He doesn’t have all the right tools. He’s not a trade school graduate, a real estate agent, or a business finance guru. Yet Michael Stanton ’06 is organizing the efforts of Open Hand Ministries, a community-based agency working to “right a wrong” by rehabbing dilapidated houses in Pittsburgh’s Garfield and East Liberty neighborhoods.
Through three partner churches—East Liberty Presbyterian, The Open Door Church, and Valley View Presbyterian—Open Hand Ministries is providing low or moderate income, disadvantaged families the opportunity for affordable homeownership.
A decade ago, Michael and his wife, Holly, moved into the Garfield community. “Buying that house was definitely us responding to a sense of call. It wasn’t because it was a real estate investment. It was because we wanted to live in and be a part of the community in which we serve.”
Community is the driving force behind Open Hand Ministries. “I went to Garfield with a bit of the ‘red cape syndrome,’” Stanton said. “But I quickly learned that there was no place for the cape. We needed to overcome our collective challenges.” Without the cape and without the tools, Stanton now believes even more in the power of community. Dependent on others, he explains, “This is not a ministry that will rise and fall on my capabilities. It’s not meant to be. It’s meant to be a community—people and organizations pooling their resources.”
Financing the work of Open Hand Ministries is a two-pronged job: funding renovations and keeping costs low. Covering the renovation costs are the home owners, church and foundation grants, Pittsburgh Presbytery, and individual donors.
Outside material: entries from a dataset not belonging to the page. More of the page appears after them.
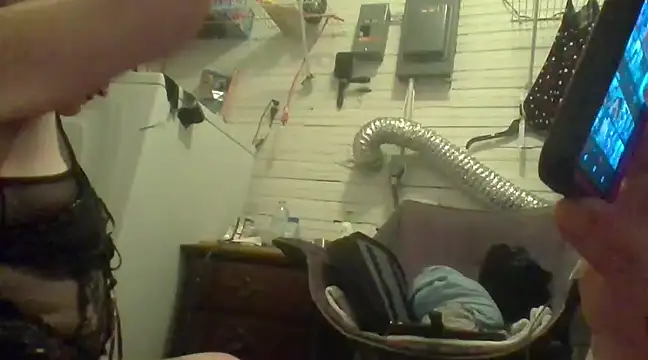 esadmisfit1 online show from 02-10-25, 11:15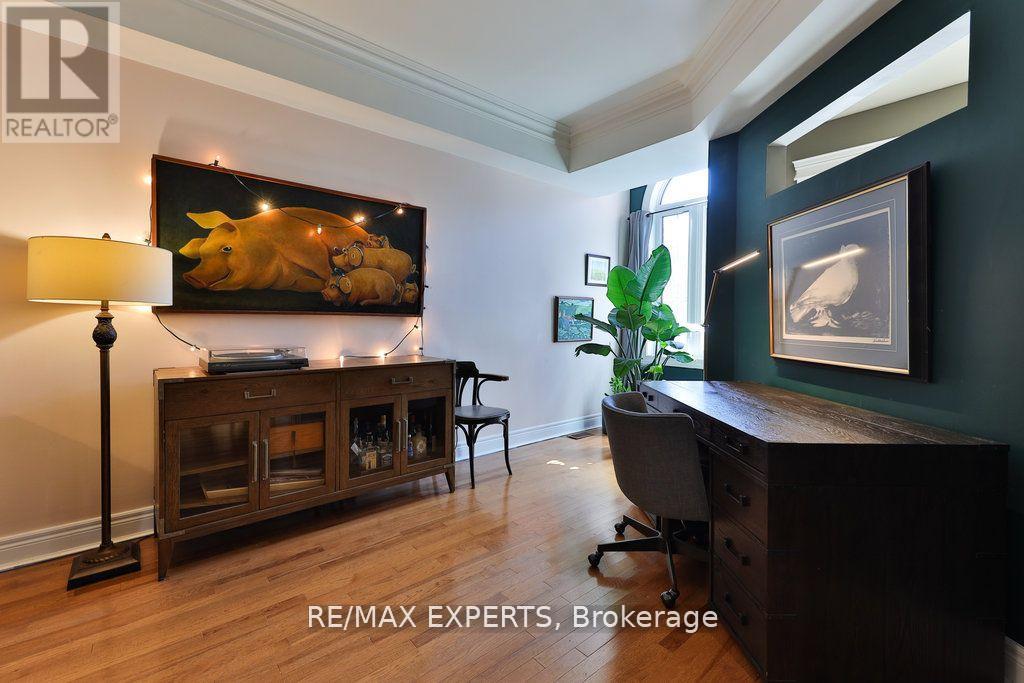119 Westbury Court, Richmond Hill, Ontario  L4L 2S3 - Photo 5 - N12155309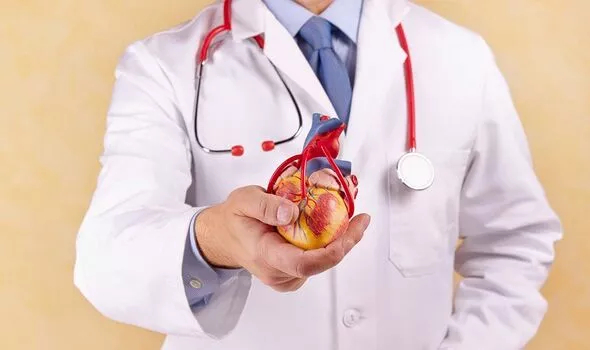 BS tim mạch tiết lộ 2 loại thực phẩm đặc biệt cần tránh hoặc hạn chế ăn để phòng ngừa bệnh tim - Ảnh 2.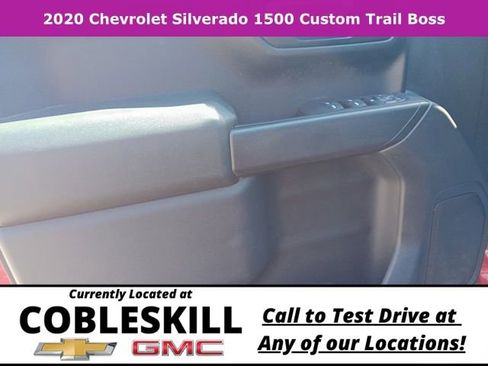 Used 2020 Chevrolet Silverado 1500 Custom Trail Boss w/ Custom Convenience Package AWD/4WD image 15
Keeping the labor costs low are trades people working for much less than market value and the hundreds of volunteers who donate their time each year. Additionally, partner groups also supply less expensive building materials. “Funding and doing these projects involves the whole community,” Stanton said.
Since 2010, the Seminary’s Miller Summer Youth Institute has volunteered with Open Hand Ministries. On these work days, high schoolers learn about mission and ministry in the community. Beginning this summer, SYI will host groups of youth and adults from across the country to volunteer with Open Hand and Garfield Community Farm (an outreach program of The Open Door—a church plant started by BJ Woodworth ’07 and John Creasy ’06). Additionally, SYI will provide three interns to support the work of these two organizations.
Since the beginning of the ministry, Open Hand has helped more than a dozen families become home owners, the majority of whom are single mothers who can now provide a safer and more stable environment for themselves and their children. Committed to an ongoing relationship with these families, Stanton does not see leaving Garfield any time soon. “It’s my community.”
In recognition of his transformative work in the community, the Pittsburgh Courier named him a Champion of Dignity and Respect in 2015, and Pittsburgh Seminary honored him with the Distinguished Alumnus Award in Mission in 2017.